## SUPPLIED INFORMATION

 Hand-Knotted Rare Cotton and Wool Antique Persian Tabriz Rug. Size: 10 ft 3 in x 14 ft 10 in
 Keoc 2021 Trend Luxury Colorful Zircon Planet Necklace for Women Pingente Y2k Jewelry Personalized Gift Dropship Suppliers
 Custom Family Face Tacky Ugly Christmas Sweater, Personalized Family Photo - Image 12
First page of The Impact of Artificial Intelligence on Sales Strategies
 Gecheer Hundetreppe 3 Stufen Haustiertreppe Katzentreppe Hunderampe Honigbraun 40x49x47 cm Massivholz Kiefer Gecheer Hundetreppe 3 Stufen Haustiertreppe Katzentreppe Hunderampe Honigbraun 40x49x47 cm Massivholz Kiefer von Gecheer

--

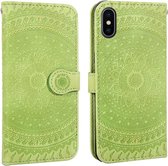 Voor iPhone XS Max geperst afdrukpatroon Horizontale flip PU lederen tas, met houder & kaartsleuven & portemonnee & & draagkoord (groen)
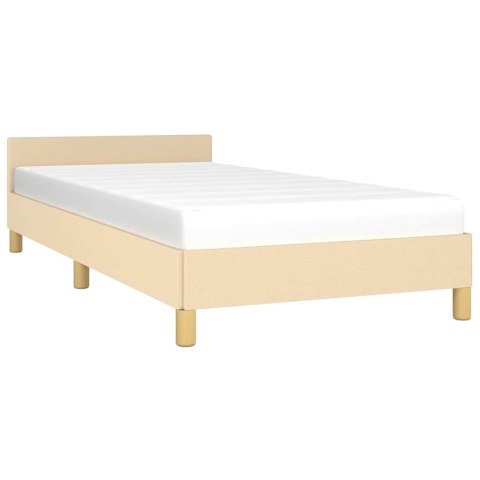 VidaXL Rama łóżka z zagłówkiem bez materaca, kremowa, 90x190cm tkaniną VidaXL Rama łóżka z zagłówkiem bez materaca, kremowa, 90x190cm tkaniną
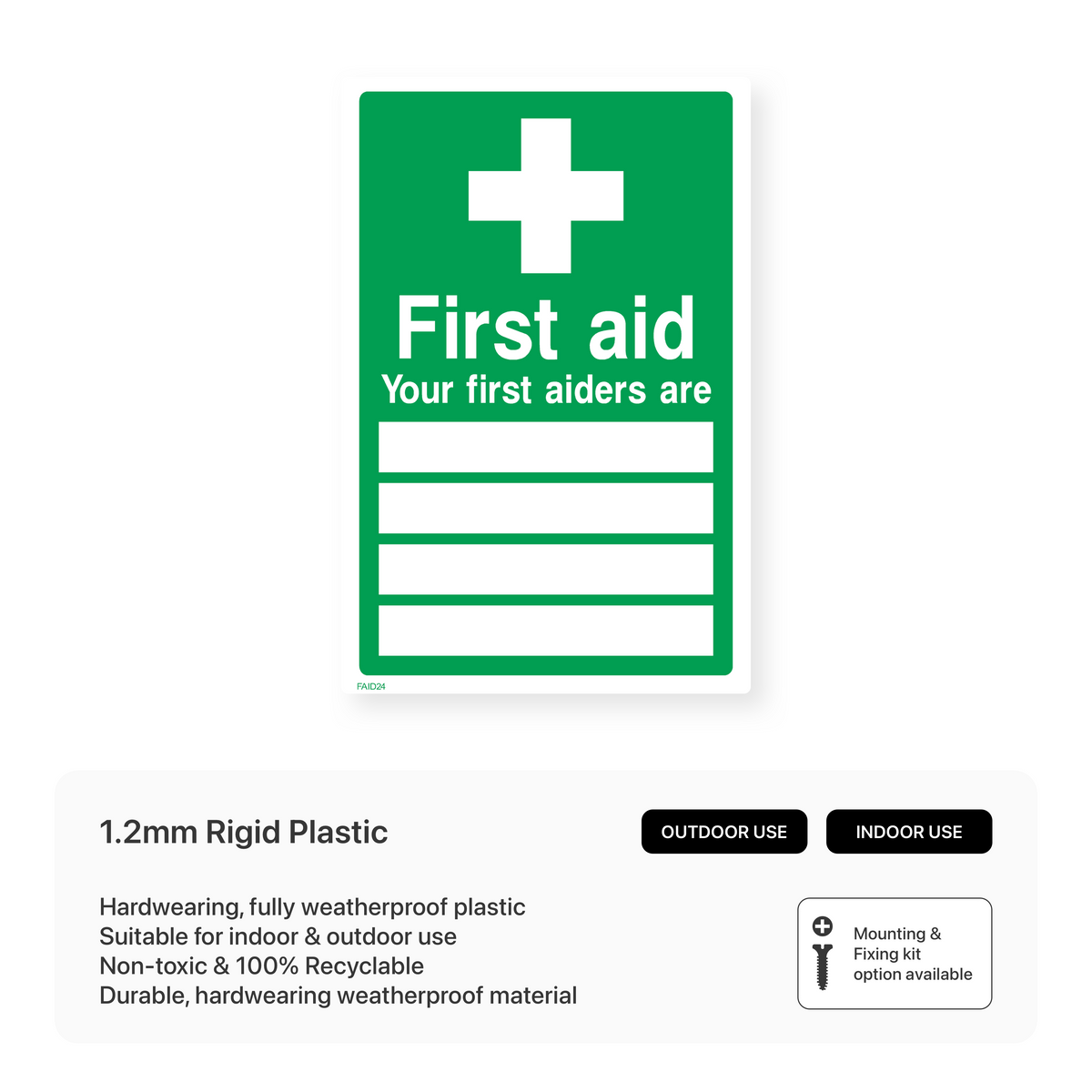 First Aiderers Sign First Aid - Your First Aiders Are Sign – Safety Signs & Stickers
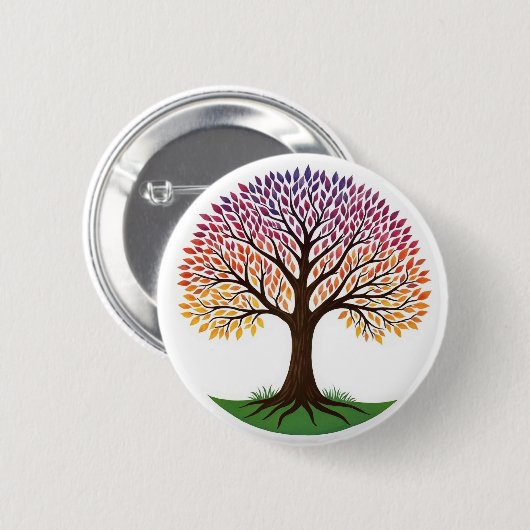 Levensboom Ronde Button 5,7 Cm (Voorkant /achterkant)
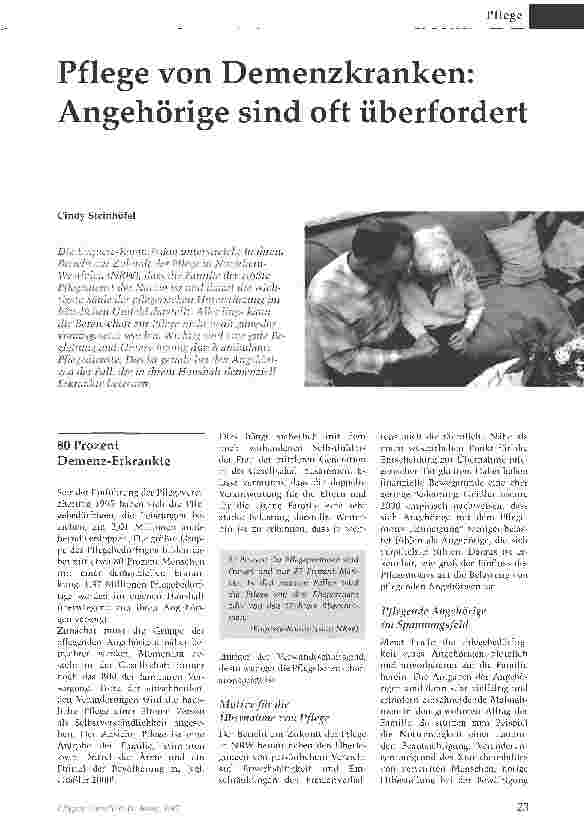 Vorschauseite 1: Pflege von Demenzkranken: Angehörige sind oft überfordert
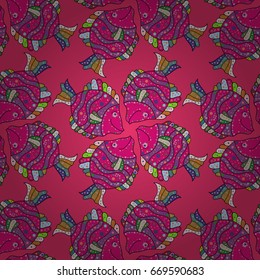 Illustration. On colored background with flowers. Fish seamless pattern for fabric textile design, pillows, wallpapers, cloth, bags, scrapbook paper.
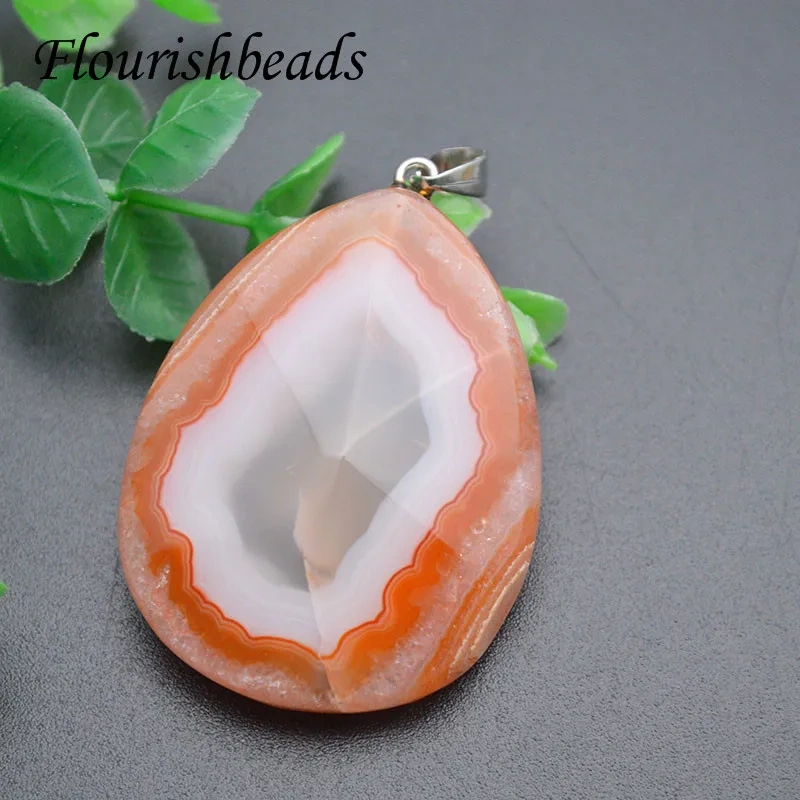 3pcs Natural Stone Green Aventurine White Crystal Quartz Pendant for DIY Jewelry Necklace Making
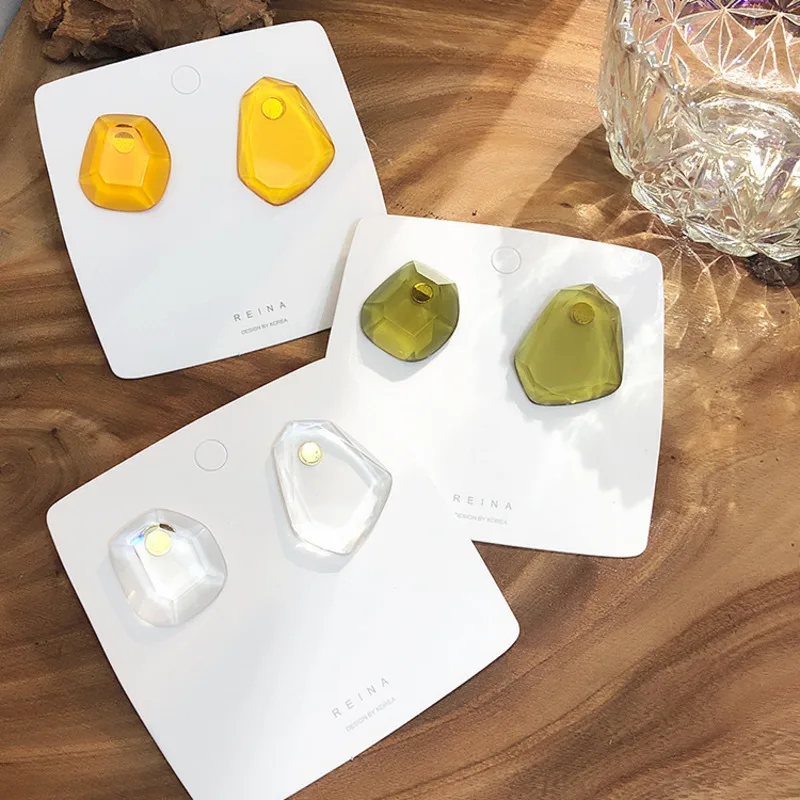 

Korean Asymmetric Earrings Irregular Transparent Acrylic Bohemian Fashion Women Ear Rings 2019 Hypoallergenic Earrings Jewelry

## WHAT TO DO
Please give back, exactly as it stands above, the stretch from the line with "First page of" through the line with "Kiefer von Gecheer", and no line outside it.

## TASK SOLUTION
First page of The Impact of Artificial Intelligence on Sales Strategies
 Gecheer Hundetreppe 3 Stufen Haustiertreppe Katzentreppe Hunderampe Honigbraun 40x49x47 cm Massivholz Kiefer Gecheer Hundetreppe 3 Stufen Haustiertreppe Katzentreppe Hunderampe Honigbraun 40x49x47 cm Massivholz Kiefer von Gecheer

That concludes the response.